Votano soprattutto persone parecchio in là con gli anni: se non erro, il segmento di popolazione votante maggioritario è quello al di sopra dei sessant’anni. Cosa vuol dire? Semplice: spesso l’elettorato non sa neppure chi sei. Partecipando alle regionali, poi, dove il sistema elettorale prevede la possibilità di esprimere preferenze, mi sono reso conto che in Campania c’è una compravendita di voti ai confini dello squallore.
Ti è dispiaciuto interrompere quel percorso?
Ma va’! Sono contentissimo di potermi dedicare alla musica al cento per cento.
Parliamo di musica e cultura partenopea.

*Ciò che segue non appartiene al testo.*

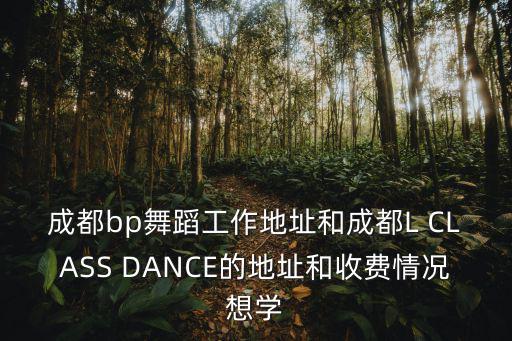 成都市 藝家class，成都bp舞蹈工作地址和成都L CLASS DANCE的地址和收費情況想學(xué)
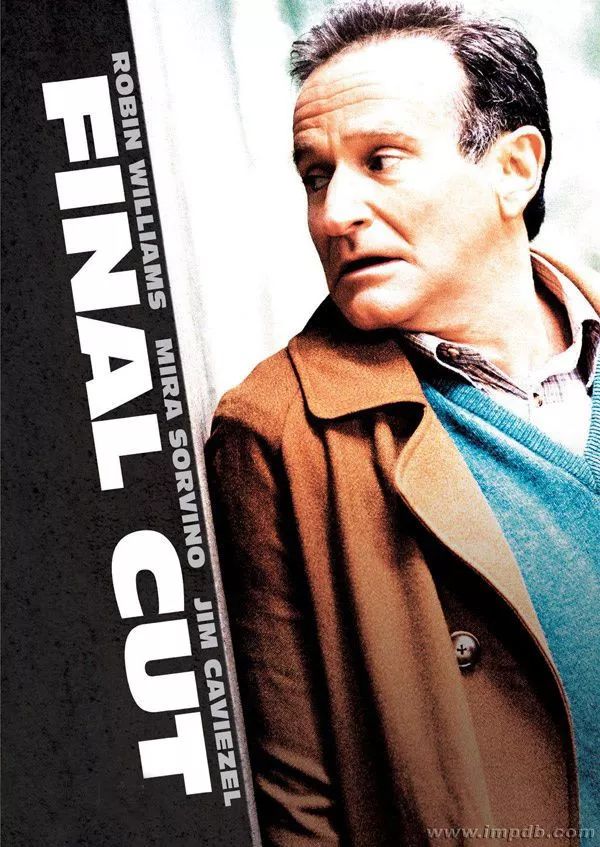 好莱坞评价中国科幻,好莱坞明星对功夫评价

I rapper napoletani si sono presi la scena italiana: riempiono i palazzetti, occupano i primi posti delle classifiche e le copertine dei giornali. Come vivi il fatto che il napoletano sia diventato una lingua cool e mainstream?
È una soddisfazione immensa. Non faccio parte di quella porzione di scena più in là con gli anni che, magari, rosica un po’ per questa consacrazione tardiva: quando vedo Geolier che spacca o fa numeri grossi, provo solo un grande orgoglio. Noi possiamo solo attribuirci il merito di avere aperto un solco, ed è bello che le nuove generazioni possano goderne. Certo, se ripenso a quando venivo sottostimato dalle major ho un po’ di magone: quando proponevo progetti in napoletano rispondevano che non sarei mai uscito dal mio rione. Poi, però, penso anche che Nuje vulimme ‘na speranza (la sigla di Gomorra, nda) è stata ascoltata in 120 paesi e non posso fare altro che sorridere.
In effetti, Gomorra ha avuto un ruolo centrale in questa consacrazione.
Sì: prima di Gomorra il napoletano era percepito come una lingua sfigata, il codice segreto dei padri delle seconde generazioni cresciute al nord. Con la serie è diventata la lingua dei gangster, ha acquisito un nuovo appeal, ha iniziato a essere considerato figo. Io, però, ci ho sempre scommesso.